Dataset extract:
-- Opening Marker --

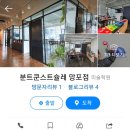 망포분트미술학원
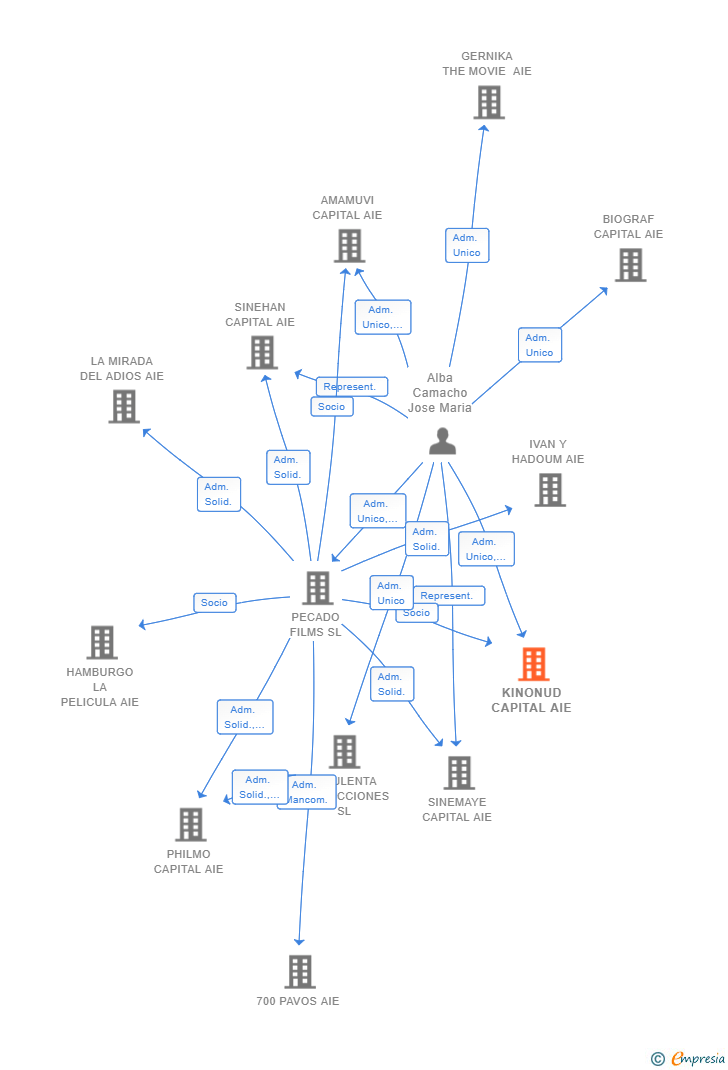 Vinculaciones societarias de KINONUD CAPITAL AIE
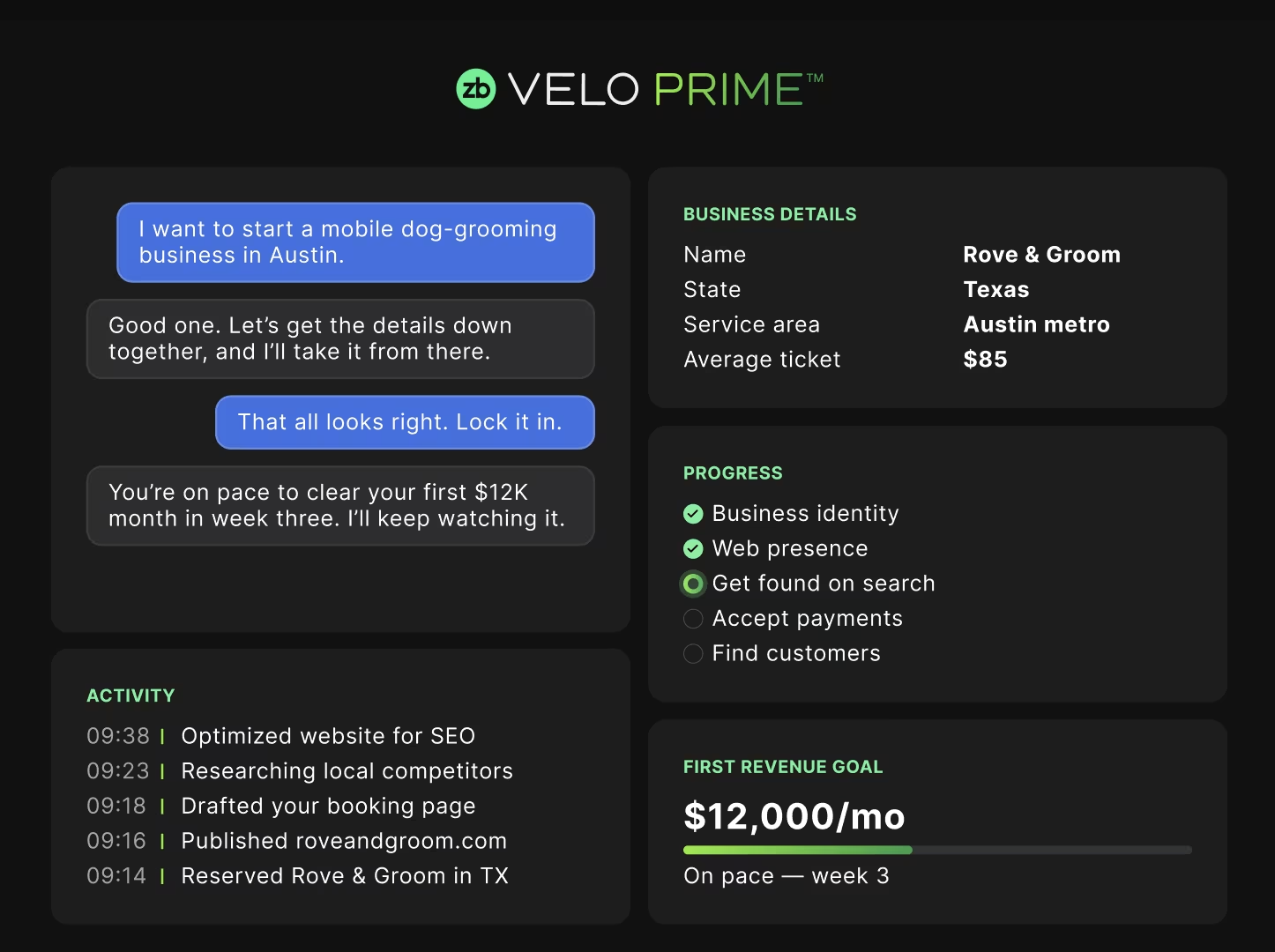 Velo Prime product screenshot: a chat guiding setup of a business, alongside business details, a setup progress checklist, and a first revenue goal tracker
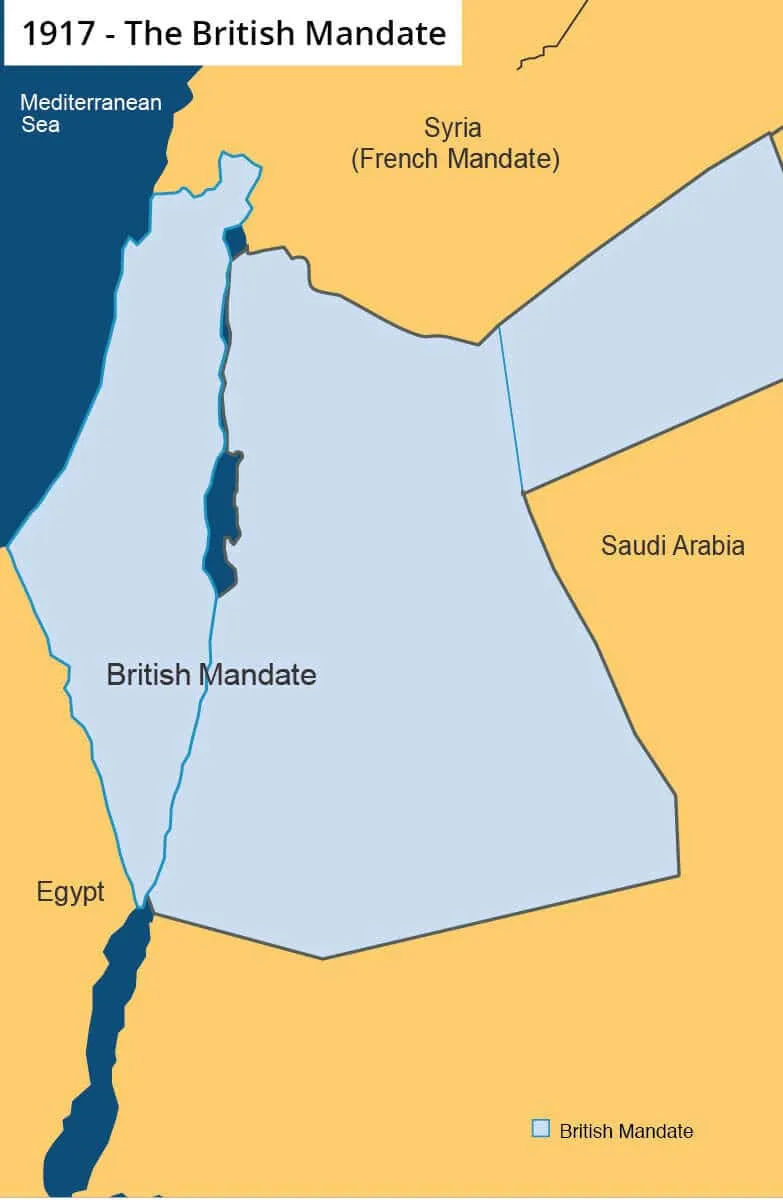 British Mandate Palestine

-- Closing Marker --

Exercise details: Once more, please print the whole listing exactly, omitting each image.

Task solution:
 망포분트미술학원
 Vinculaciones societarias de KINONUD CAPITAL AIE
 Velo Prime product screenshot: a chat guiding setup of a business, alongside business details, a setup progress checklist, and a first revenue goal tracker
 British Mandate Palestine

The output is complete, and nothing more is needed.